Opportunities and crises always start where nobody is looking. Well, here’s one potential flashpoint for the economy that most people are missing.

This image shows the US consumer non-mortgage debt level as of December 2017.

If we break this down, it will show  that US households have:

  • $1 trillion in credit card and other revolving debt.
  • $1.3 trillion in auto loan debt.
  • $1.5 trillion in student loan debt.

A total of $3.8 trillion, US consumer debt levels have never been higher.

Delinquencies are also picking up. Banks have already begun increasing their bad debt provisions to brace for the rising defaults. Illustrated below is the trend of net charge off rates; the highest in years.

If you are curious as to how these charge off rates correlate to interest rate hikes, take a look at the “cycle” indicating an upward trend starting in 2016, when the Fed once again began modestly hiking rates.

You’ll notice below that the net charge offs have risen gradually. Why is that?

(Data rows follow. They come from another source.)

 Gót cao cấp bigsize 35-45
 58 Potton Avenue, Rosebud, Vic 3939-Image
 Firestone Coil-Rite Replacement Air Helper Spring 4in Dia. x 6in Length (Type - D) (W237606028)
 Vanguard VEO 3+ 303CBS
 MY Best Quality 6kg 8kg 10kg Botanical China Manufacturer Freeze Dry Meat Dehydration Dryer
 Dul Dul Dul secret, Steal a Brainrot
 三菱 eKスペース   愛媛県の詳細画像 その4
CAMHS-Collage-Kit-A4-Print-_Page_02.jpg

After the 2008 financial crisis, the larger US banks responsible for issuing credit cards focused mainly on “prime” consumers.  The result, in addition to the low interest rate environment, was an extended period of low charge off rates.

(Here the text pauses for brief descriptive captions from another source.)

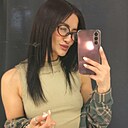 Знакомства: Ника, 29 лет, Калининград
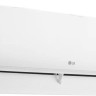 Кондиционер LG LS12GQ.NSJ1/LS12GQ.U12A1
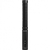 Shure Micrófono Shotgun Corto para Cámara Cond Electret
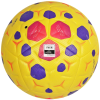 Nike Academy Plus FIFA Basic Ball HV4392-710 (Velikost 5)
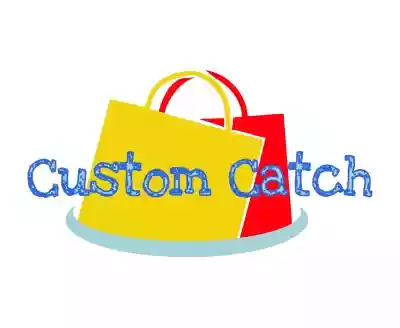 Custom Catch coupon codes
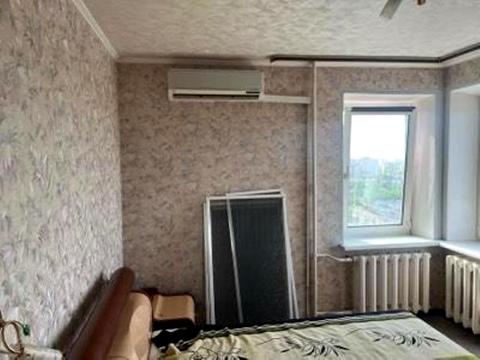 квартира по адресу Берестейский просп. (Победы), 89-А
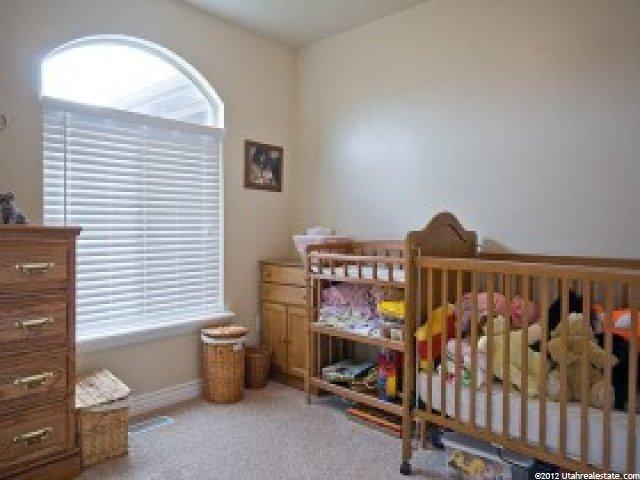 809 E Wrangler Ct, Grantsville, UT 84029 — photo 12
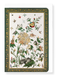 Ezen Designs - Floral Fantasy: Animals & Birds (Early 17th C.) - Greeting Card - Front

But here’s what this data doesn’t so tell you: While larger banks’ net charge off rates are rising gradually, from 3.6% toward the end of 2017 to 4% by the end of last year, smaller banks are experiencing a surge in net charge off rates.

And the rates, at 7.9% match those of the period leading to the 2008 financial crisis.

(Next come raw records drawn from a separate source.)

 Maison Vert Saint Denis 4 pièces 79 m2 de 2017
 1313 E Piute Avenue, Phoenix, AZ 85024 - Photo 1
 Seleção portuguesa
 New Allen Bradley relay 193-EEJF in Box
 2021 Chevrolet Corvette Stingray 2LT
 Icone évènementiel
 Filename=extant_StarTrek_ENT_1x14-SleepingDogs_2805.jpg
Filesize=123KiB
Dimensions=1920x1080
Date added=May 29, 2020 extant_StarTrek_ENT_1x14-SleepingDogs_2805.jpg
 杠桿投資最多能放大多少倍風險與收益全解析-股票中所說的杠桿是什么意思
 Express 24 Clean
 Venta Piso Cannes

This means one thing: if you want to know where the next consumer credit crisis is going to begin, focus your attention on the smaller banks.

You probably noticed, or didn’t notice, the lack of financial media coverage on this matter. After all, media tends to focus on the bigger numbers; the larger banks.

Perhaps this phenomenon is completely benign. Or perhaps it’s a precursor to a larger surge in net charge off rates among larger banks.

There’s really no way to tell. But you can look at the Bank Credit/GDP percentage to get a big-picture view as to how leveraged the financial system is today in comparison with 2008.

When the Fed tightens, the risk for charge offs and defaults increase. Rising interest costs plus lower credit standards (mostly due to competition) results in higher credit costs. Many consumers who have consolidated their borrowing have also turned around and increased that debt through refinancing.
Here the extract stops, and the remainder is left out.